I am advised by Revenue that the VAT rating of goods and services is subject to the requirements of the EU VAT Directive with which Irish VAT law must comply. In accordance with the Directive, Ireland maintains a standstill provision which permits the retention of the zero rate for certain food and drink products that were liable to the zero rate on 1 January 1991. This standstill provision cannot be extended.

The Value-Added Tax Consolidation Act, 2010 provides for the application of the zero rate to food and drink, but specifically excludes juice extracted from, and other drinkable products derived from, fruit or vegetables. Accordingly, fruit juice is taxable at the standard rate. However, where fruit juice is provided as part of a restaurant or catering service it is liable to VAT at the second reduced rate of VAT, currently 9%.

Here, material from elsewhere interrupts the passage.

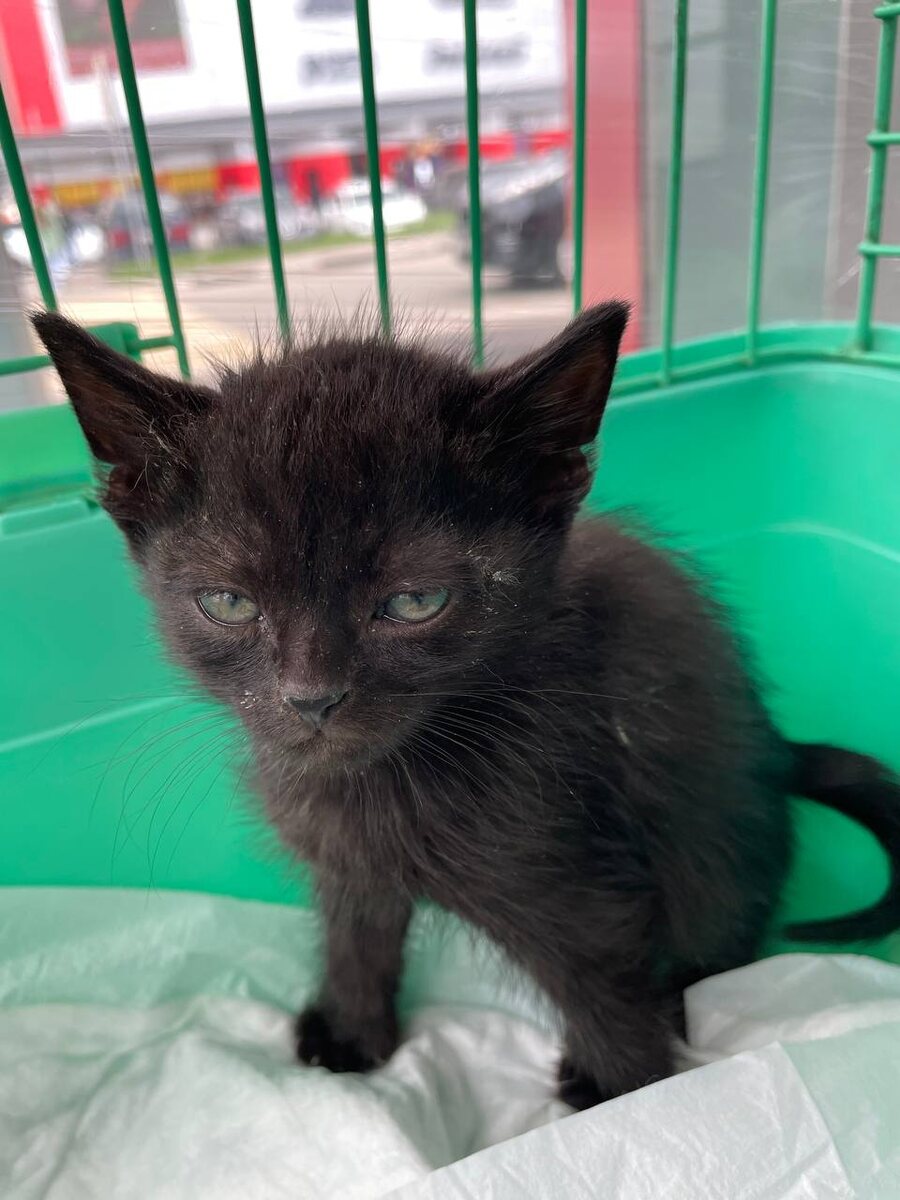 Заглядывают в душу прохожим. Фото из архива автора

Under Annex III of the EU VAT Directive, Member States are permitted to apply a reduced rate of VAT of not less than 5% to fruit juice. However, Ireland has a significantly wider range of goods and services taxed at the zero and reduced rates of VAT compared with other EU member states, and I have no plans to narrow the tax base further. Notwithstanding their sugar content, fruit juices are exempt from the Sugar Sweetened Drinks Tax.

Questions Nos. 211 to 213, inclusive, answered with Question No. 187.